Given data Start Marker

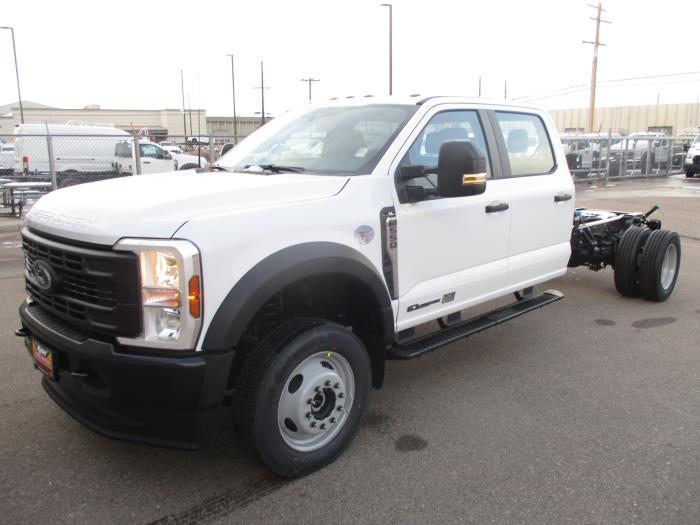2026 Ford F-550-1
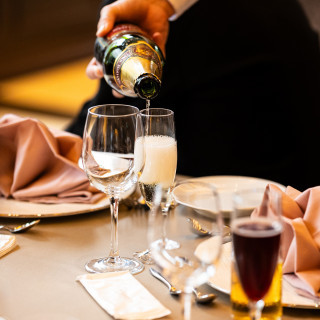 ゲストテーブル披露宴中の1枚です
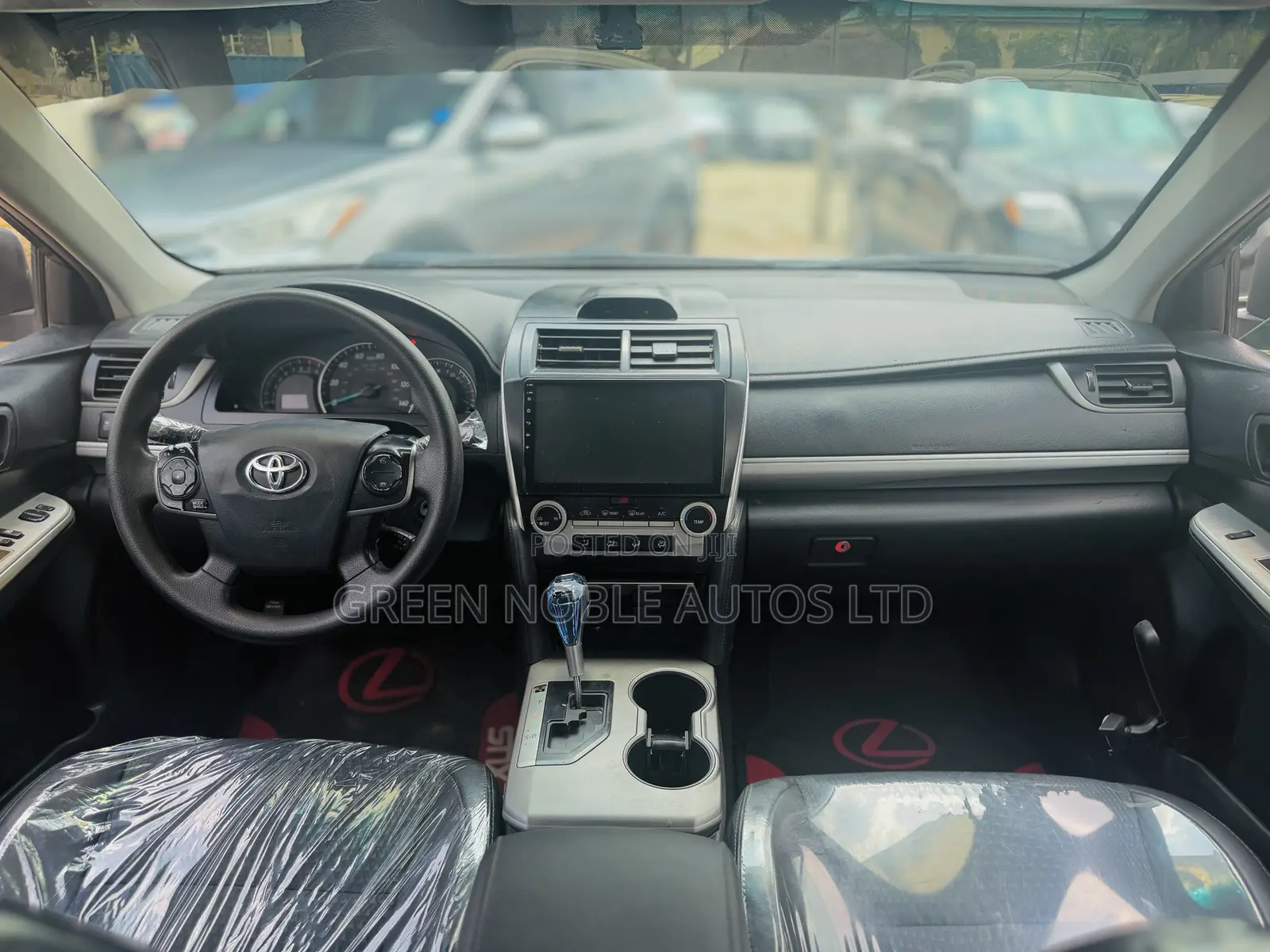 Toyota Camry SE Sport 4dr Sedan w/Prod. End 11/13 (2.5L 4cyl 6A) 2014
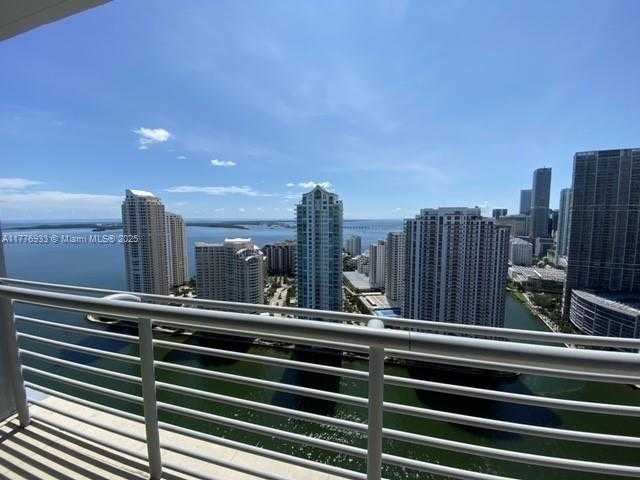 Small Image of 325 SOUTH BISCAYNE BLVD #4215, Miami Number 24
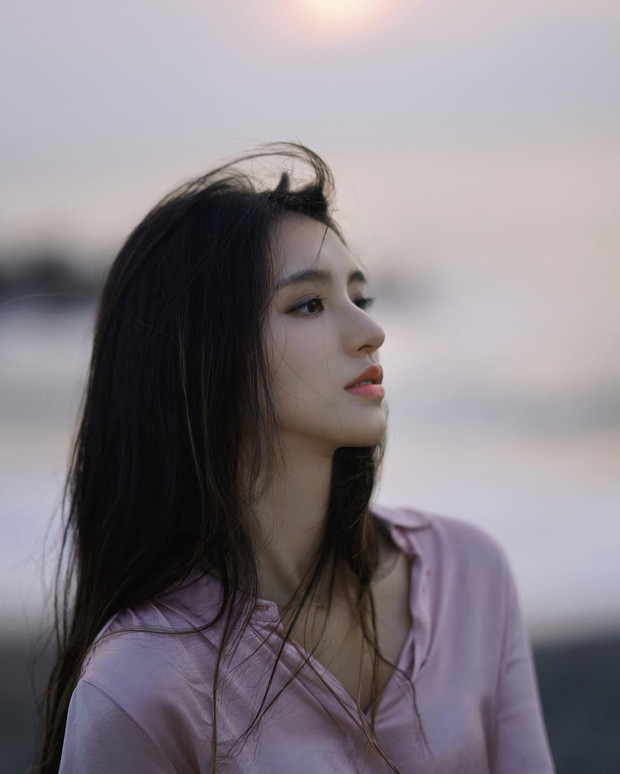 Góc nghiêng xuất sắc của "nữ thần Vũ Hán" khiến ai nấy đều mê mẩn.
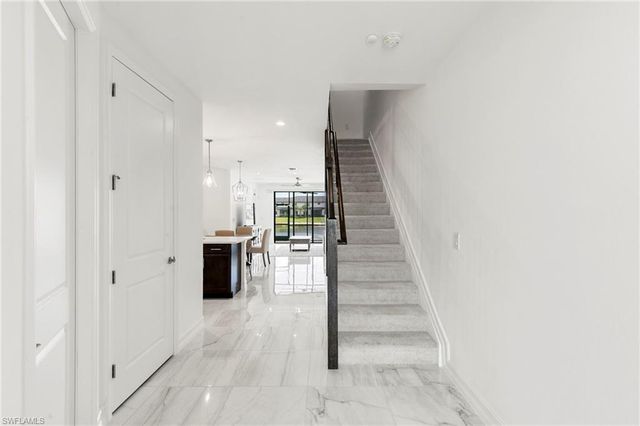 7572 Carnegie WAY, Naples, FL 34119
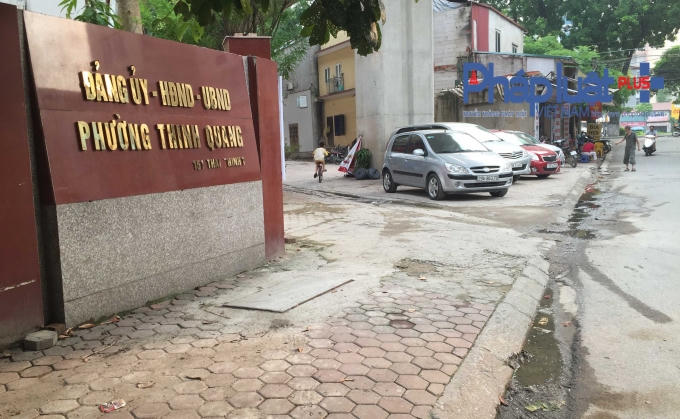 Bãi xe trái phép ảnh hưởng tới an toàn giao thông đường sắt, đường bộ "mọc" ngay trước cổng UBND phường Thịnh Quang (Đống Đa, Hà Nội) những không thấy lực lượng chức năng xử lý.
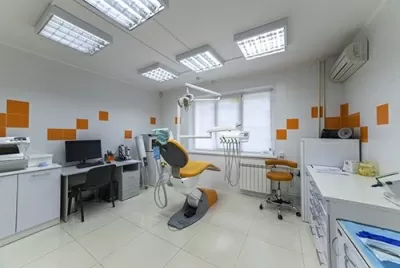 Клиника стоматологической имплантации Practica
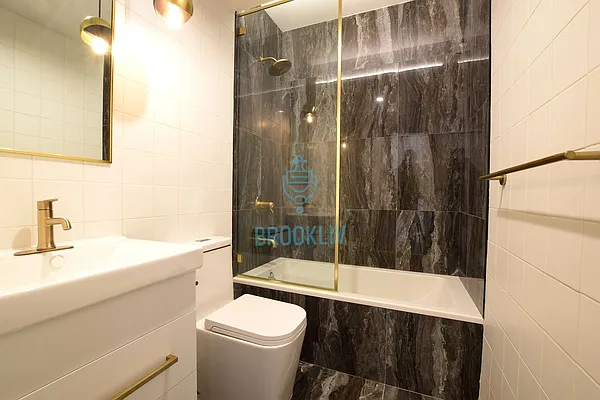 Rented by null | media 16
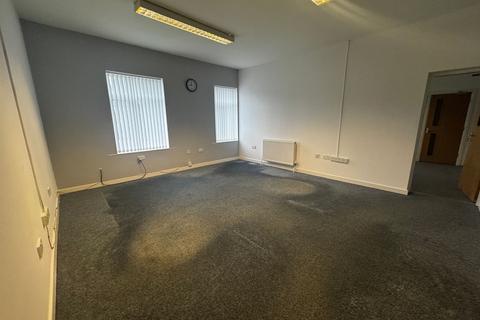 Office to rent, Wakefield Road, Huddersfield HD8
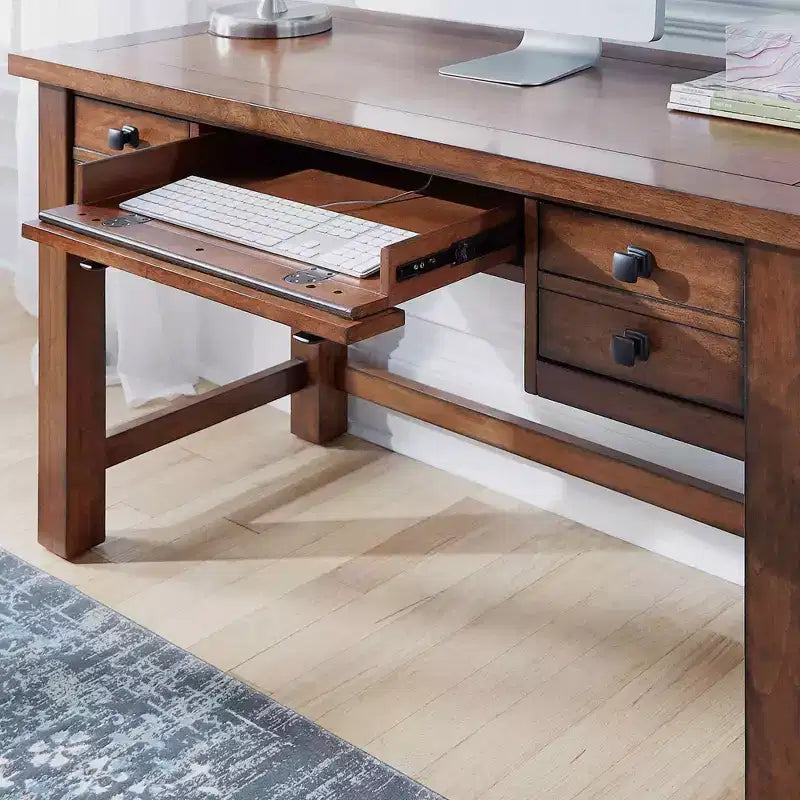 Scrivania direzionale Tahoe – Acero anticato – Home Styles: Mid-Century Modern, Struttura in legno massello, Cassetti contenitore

Given data End Marker

:: Work to complete ::
I would like the exact lines from the data above, starting with the one that holds "ゲストテーブル披露宴中の1枚です" and going on through the one that holds "Office to rent, Wakefield", without the pictures.

:: Exercise solution ::
 ゲストテーブル披露宴中の1枚です
 Toyota Camry SE Sport 4dr Sedan w/Prod. End 11/13 (2.5L 4cyl 6A) 2014
 Small Image of 325 SOUTH BISCAYNE BLVD #4215, Miami Number 24
 Góc nghiêng xuất sắc của "nữ thần Vũ Hán" khiến ai nấy đều mê mẩn.
 7572 Carnegie WAY, Naples, FL 34119
 Bãi xe trái phép ảnh hưởng tới an toàn giao thông đường sắt, đường bộ "mọc" ngay trước cổng UBND phường Thịnh Quang (Đống Đa, Hà Nội) những không thấy lực lượng chức năng xử lý.
 Клиника стоматологической имплантации Practica
 Rented by null | media 16
 Office to rent, Wakefield Road, Huddersfield HD8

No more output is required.